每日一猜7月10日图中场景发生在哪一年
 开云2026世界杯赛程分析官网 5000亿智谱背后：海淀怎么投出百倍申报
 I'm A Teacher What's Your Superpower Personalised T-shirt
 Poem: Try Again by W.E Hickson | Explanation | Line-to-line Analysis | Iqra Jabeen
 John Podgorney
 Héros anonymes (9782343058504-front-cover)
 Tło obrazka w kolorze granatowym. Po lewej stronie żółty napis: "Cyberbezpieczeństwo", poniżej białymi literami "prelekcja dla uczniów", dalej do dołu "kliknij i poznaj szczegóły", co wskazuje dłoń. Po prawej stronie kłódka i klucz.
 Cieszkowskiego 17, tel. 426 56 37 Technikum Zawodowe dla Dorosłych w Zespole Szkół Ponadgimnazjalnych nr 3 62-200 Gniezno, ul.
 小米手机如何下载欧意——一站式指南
★ ★ ★
Output the data exactly, in full.

每日一猜7月10日图中场景发生在哪一年
 开云2026世界杯赛程分析官网 5000亿智谱背后：海淀怎么投出百倍申报
 I'm A Teacher What's Your Superpower Personalised T-shirt
 Poem: Try Again by W.E Hickson | Explanation | Line-to-line Analysis | Iqra Jabeen
 John Podgorney
 Héros anonymes (9782343058504-front-cover)
 Tło obrazka w kolorze granatowym. Po lewej stronie żółty napis: "Cyberbezpieczeństwo", poniżej białymi literami "prelekcja dla uczniów", dalej do dołu "kliknij i poznaj szczegóły", co wskazuje dłoń. Po prawej stronie kłódka i klucz.
 Cieszkowskiego 17, tel. 426 56 37 Technikum Zawodowe dla Dorosłych w Zespole Szkół Ponadgimnazjalnych nr 3 62-200 Gniezno, ul.
 小米手机如何下载欧意——一站式指南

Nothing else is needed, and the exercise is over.